『家賃』/月村奎

家賃 (ディアプラス文庫)

家賃 (ディアプラス文庫)

「俺はいいんだよ。俺の二十五の誕生日とおまえの十六の誕生日じゃ重さが全然違うんだから」
初めてこの作家さんの作品を読んだとき、私はまだ学生だった。そのころの私は明らかにこの台詞でいう「おまえ」寄りの年齢だったのに、今ではどう考えても「俺」寄り、すっかり攻サイドに共感する人間になってしまった。ふだん自分の年齢を意識することはあまりないけれど、BL小説の受・攻どちらに共感するかで時の流れの残酷さを痛感することになるとは……。うお〜私も無邪気だったあのころに戻りて〜!!そしてこれくらい包容力のある攻に大事にされて〜〜〜!!!と思ってしまった。

お話は月村先生お得意の、ちょっと家庭の事情が複雑で愛情に飢えた受たんが、攻たんに出会って少しずつ世界の明るさ、温かさを知ってゆく……というようなお話。
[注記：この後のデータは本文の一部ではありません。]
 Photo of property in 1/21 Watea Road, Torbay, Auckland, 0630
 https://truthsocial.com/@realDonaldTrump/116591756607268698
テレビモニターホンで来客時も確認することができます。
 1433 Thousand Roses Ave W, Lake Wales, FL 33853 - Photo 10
受たんが元アイドルという少し派手目の設定ながらも、攻たんはじめ、周囲の人々が地に足の着いた大人のかたがたばかりなので、BL小説における派手な設定(金持ち設定、芸能設定など)が苦手な私もすんなりとお話の世界に入り込めた。

月村先生のお話の受たんは、過剰に露悪的で悪いほーに悪いほーに先回りしてものを考えるので、普通なら私はイライラして読めないはずなんだけど、このかたは文章がとても上手で、ストレスがたまるどころか、むしろ「あ〜このままこの文章を永遠に読み続けていたい……」と思うくらいの心地のよさを感じる。なんか言葉の使いかたとかがいちいちぱしっとはまる感じがして読んでいて気持ちがよい。
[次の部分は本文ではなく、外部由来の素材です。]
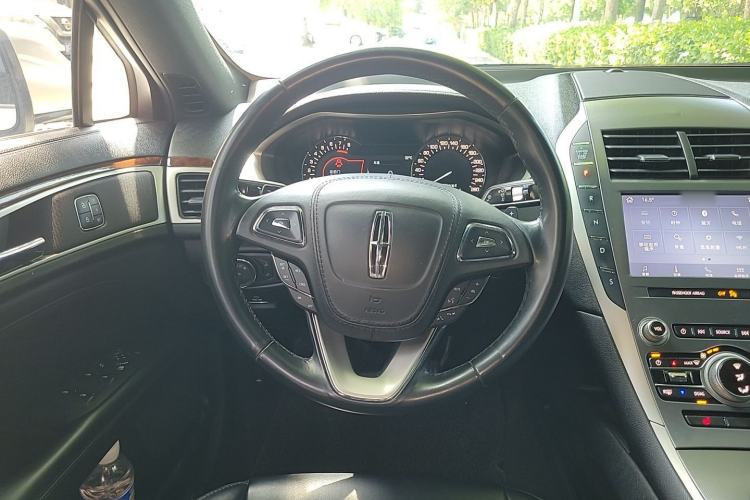Used Lincoln MKZ 2020 2.0T Deluxe Edition Steering Wheel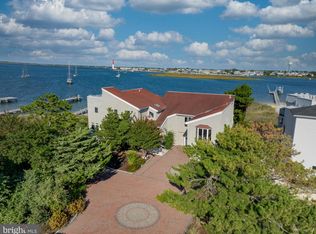 69 Sunset Blvd, Beach Haven, NJ 08008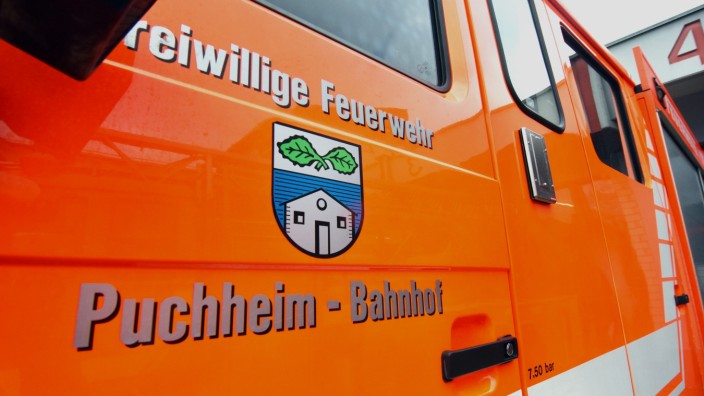 Puchheim: Die Feuerwehr Puchheim Bahnhof muss den Brand löschen.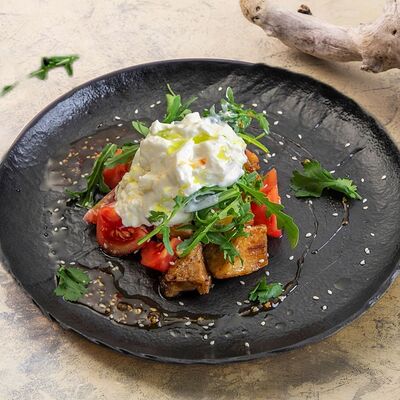 Салат с баклажанами, сладкими томатами и сыром страчателла в 7 небо по цене 495 ₽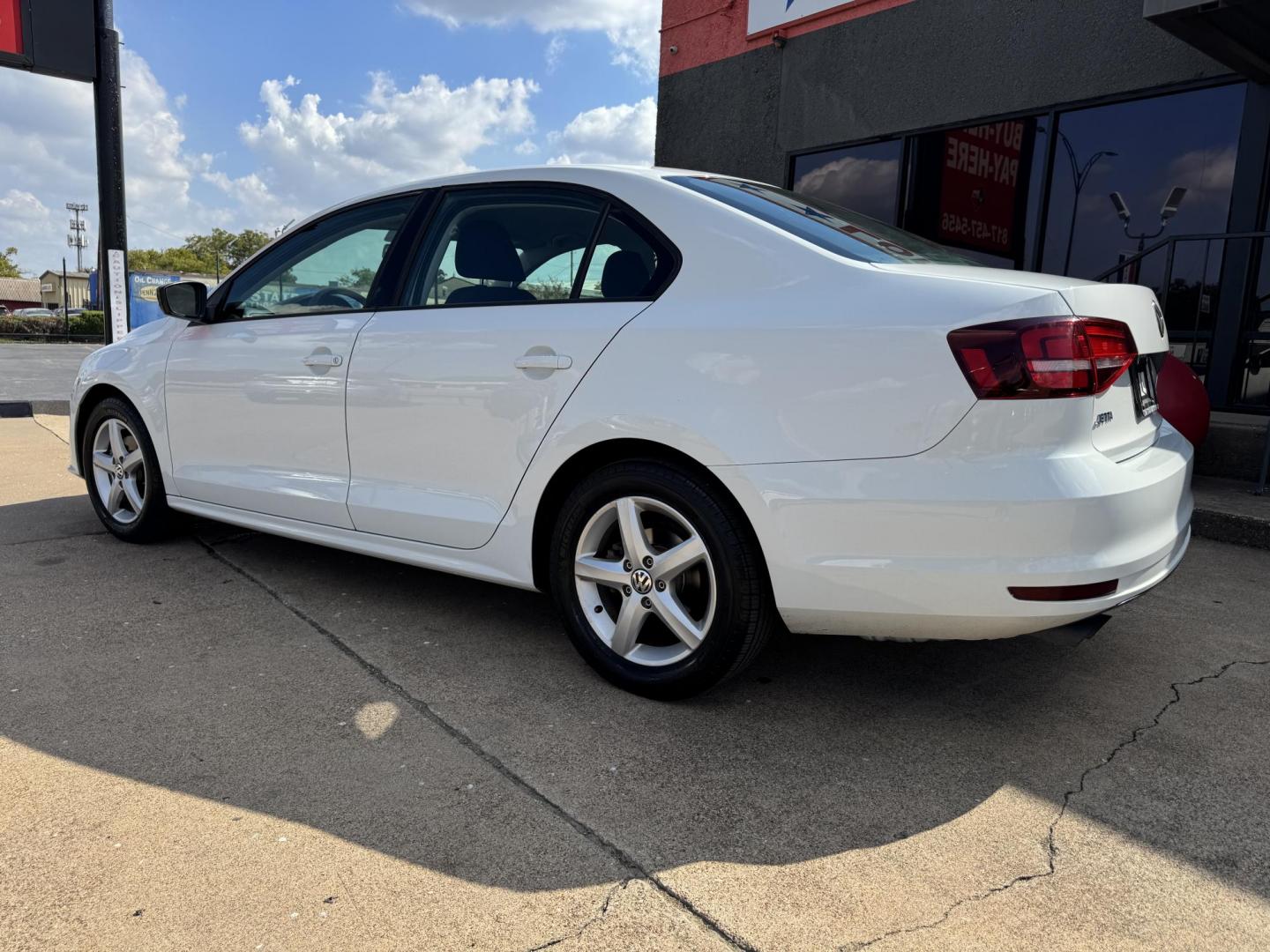 2016 WHITE /BLACK VOLKSWAGEN JETTA 1.4T S (3VW267AJ4GM) , located at 5900 E. Lancaster Ave., Fort Worth, TX, 76112, (817) 457-5456, 0.000000, 0.000000 - Photo#6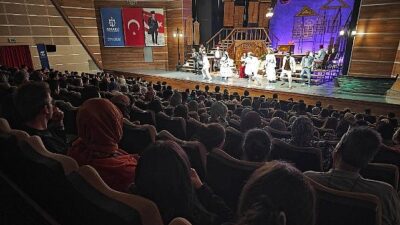 Kent Tiyatroları, perdeyi Gebze’ye taşıdı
しかしながら、私の年齢的にちょっと「ディアプラス×高校生主人公のリリカルBL」はつらくなってきたのもたしか。シャイノベルズあたりから年下攻ものなんか書いてくれないかな〜と思ってるんだけど、どうかな〜。いや、すごいいいと思うんだけど月村先生で年下攻って!!!!!百年にいちどの天才的なヒラメキだと思うんだけど。月村先生に似合うのはシャイだと思うんだよね。シャイなら月村先生の作風でもいけると思うのだが……。あと挿絵は梧桐あささんか依田沙江美さんがいいと思う。

ともあれ、期待を裏切らず質の高いよい作品でした。いつにないタイトルのストレートさに若干たじろぎましたが。『家賃』って!あと今回はいつも受たんの名前が女の子っぽい月村先生作品にしては珍しく、攻たんが「遼(はるか)」さん、受たんが「和哉(かずや)」たんといっていつもと逆パターンだったのもよかった。受の名前が女っぽいのはあまり好きじゃない(受だからといっておなごのような名前にする意味がよくわからんため)。




月村先生の年下攻が読みたい(まだ言ってる)。